Imputaron por injuria racial a la argentina retenida en Brasil y avanza la causa judicial
La Policía Civil de Río de Janeiro dio por cerrada la investigación y elevó el expediente al Ministerio Público. Además de la acusación contra Agostina Páez, una amiga suya fue imputada por falso testimonio.
La situación judicial de Agostina Páez, la abogada argentina retenida en Brasil desde mediados de enero, dio un nuevo giro este jueves. La Policía Civil de Río de Janeiro confirmó su imputación por el delito de injuria racial a raíz de un episodio ocurrido en un bar de Ipanema, en la zona sur de la ciudad, donde fue denunciada por empleados del local.
Según informaron las autoridades, la investigación quedó formalmente concluida y toda la documentación fue remitida al Ministerio Público para que continúe el proceso.
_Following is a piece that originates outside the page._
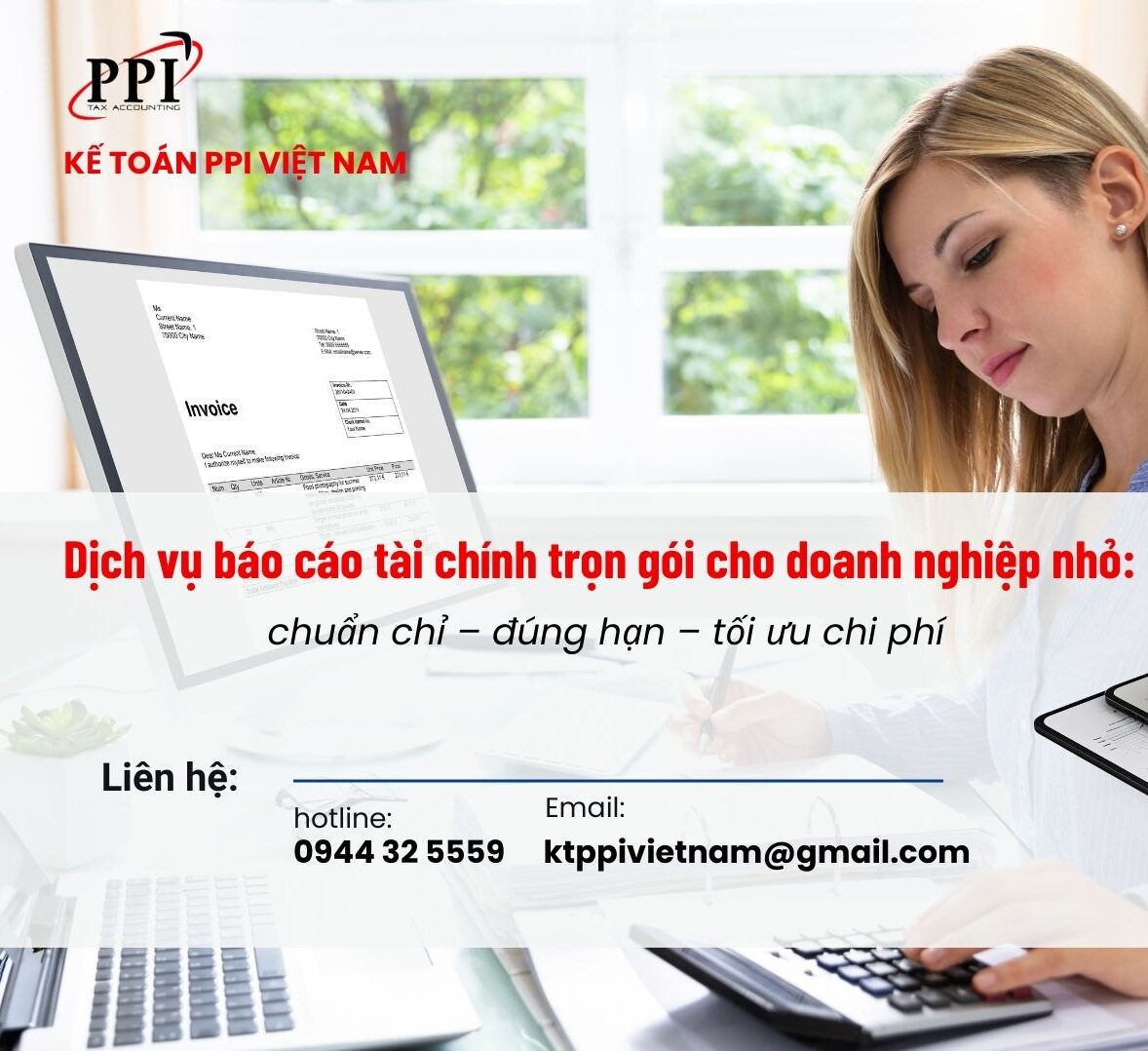 Dịch vụ báo cáo tài chính trọn gói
Desde la 11ª Delegación Policial de Rocinha precisaron que la acusación se basa en ofensas racistas dirigidas a un trabajador brasileño durante una discusión en el establecimiento.
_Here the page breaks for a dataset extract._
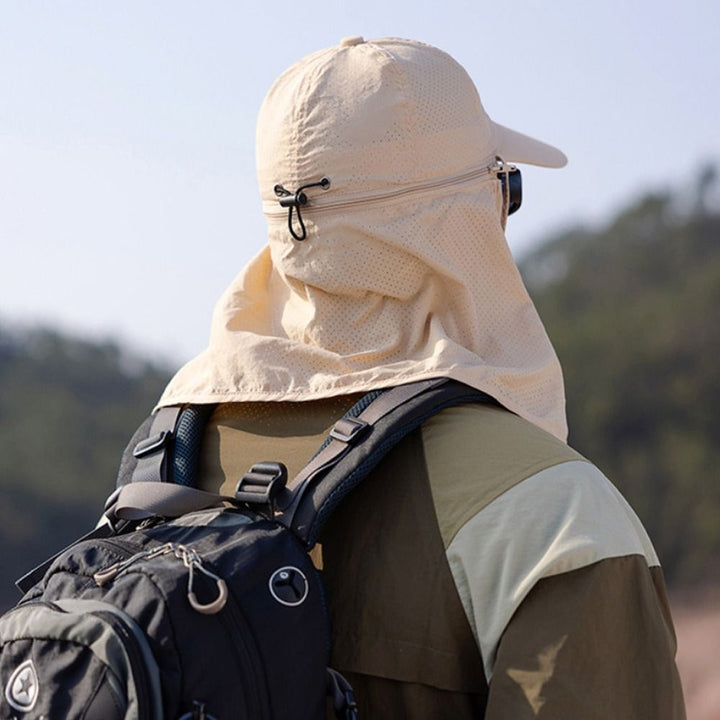 Casquette anti-UV pour l'été, unisexe, avec protection nuque, pour activités aquatiques et terre.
Al comunicar la decisión, la fuerza difundió un mensaje contundente en sus redes oficiales: “El crimen no quedó impune y en Río de Janeiro el racismo no es una broma”. En el mismo anuncio, se confirmó que una amiga de Páez, también argentina, fue imputada por falso testimonio en el marco de la causa.
La joven permanece en Brasil desde el 14 de enero, cuando fue retenida tras la denuncia en su contra. No obstante, en las últimas horas se incorporó a la causa un video de cámaras de seguridad que muestra a un empleado del bar realizando gestos obscenos, material que la defensa considera clave para replantear el contexto de los hechos.
De acuerdo con el abogado Sebastián Robles, representante legal de Páez, el conflicto se originó por un desacuerdo con la cuenta. “Una amiga termina abonando la cuenta para poder retirarse del local, porque se lo impedían, y hay videos que muestran que cinco personas no las dejaban salir”, sostuvo, al describir la secuencia que derivó en insultos cruzados.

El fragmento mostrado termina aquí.